## Records excerpted from a collection:
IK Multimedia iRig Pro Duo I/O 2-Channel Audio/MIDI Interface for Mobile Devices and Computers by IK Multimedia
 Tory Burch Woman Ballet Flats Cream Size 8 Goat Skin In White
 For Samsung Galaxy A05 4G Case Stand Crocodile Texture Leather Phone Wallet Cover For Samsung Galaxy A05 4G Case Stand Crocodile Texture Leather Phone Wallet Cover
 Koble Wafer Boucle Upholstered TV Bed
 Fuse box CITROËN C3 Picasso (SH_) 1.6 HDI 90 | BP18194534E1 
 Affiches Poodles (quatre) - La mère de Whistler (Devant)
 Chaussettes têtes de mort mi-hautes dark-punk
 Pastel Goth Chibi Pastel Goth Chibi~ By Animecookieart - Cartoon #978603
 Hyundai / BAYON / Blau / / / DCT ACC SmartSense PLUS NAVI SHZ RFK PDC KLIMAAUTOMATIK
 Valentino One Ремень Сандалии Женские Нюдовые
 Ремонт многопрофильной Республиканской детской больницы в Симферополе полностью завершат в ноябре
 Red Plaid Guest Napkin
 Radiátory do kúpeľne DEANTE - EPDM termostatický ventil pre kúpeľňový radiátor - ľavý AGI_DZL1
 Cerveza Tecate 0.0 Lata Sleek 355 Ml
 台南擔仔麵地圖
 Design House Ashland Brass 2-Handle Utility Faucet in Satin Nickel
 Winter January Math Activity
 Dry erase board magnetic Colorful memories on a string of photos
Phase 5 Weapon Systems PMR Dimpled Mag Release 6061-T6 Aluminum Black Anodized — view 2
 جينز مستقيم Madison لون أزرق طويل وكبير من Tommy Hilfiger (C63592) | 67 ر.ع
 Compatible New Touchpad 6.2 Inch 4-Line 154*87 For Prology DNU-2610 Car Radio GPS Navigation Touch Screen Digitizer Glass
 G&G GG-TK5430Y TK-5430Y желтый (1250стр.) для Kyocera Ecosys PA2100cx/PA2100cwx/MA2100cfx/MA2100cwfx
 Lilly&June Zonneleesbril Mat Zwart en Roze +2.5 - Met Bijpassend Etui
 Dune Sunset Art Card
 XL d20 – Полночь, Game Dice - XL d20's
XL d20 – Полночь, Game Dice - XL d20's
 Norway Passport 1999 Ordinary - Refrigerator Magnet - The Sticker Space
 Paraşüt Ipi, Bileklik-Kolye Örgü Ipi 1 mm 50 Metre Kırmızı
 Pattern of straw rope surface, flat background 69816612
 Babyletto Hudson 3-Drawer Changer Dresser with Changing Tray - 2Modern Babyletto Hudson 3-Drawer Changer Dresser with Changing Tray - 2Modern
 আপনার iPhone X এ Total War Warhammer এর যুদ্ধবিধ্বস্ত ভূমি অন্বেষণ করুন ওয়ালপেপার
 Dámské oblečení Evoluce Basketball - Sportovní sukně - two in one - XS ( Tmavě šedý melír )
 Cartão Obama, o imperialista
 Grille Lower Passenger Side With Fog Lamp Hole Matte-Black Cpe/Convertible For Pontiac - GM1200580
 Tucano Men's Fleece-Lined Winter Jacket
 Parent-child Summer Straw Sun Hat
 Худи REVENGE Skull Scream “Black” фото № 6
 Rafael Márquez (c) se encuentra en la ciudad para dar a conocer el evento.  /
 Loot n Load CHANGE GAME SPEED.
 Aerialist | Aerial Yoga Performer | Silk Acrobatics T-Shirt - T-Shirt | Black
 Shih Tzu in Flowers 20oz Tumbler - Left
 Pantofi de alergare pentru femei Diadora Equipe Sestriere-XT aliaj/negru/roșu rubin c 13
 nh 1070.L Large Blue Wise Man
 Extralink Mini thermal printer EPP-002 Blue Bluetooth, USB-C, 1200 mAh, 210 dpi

## GOAL OF THE EXERCISE:
Reproduce the records above exactly, from the first line through the line containing "Tory Burch Woman", and output nothing else.

## RESPONSE BELOW:
IK Multimedia iRig Pro Duo I/O 2-Channel Audio/MIDI Interface for Mobile Devices and Computers by IK Multimedia
 Tory Burch Woman Ballet Flats Cream Size 8 Goat Skin In White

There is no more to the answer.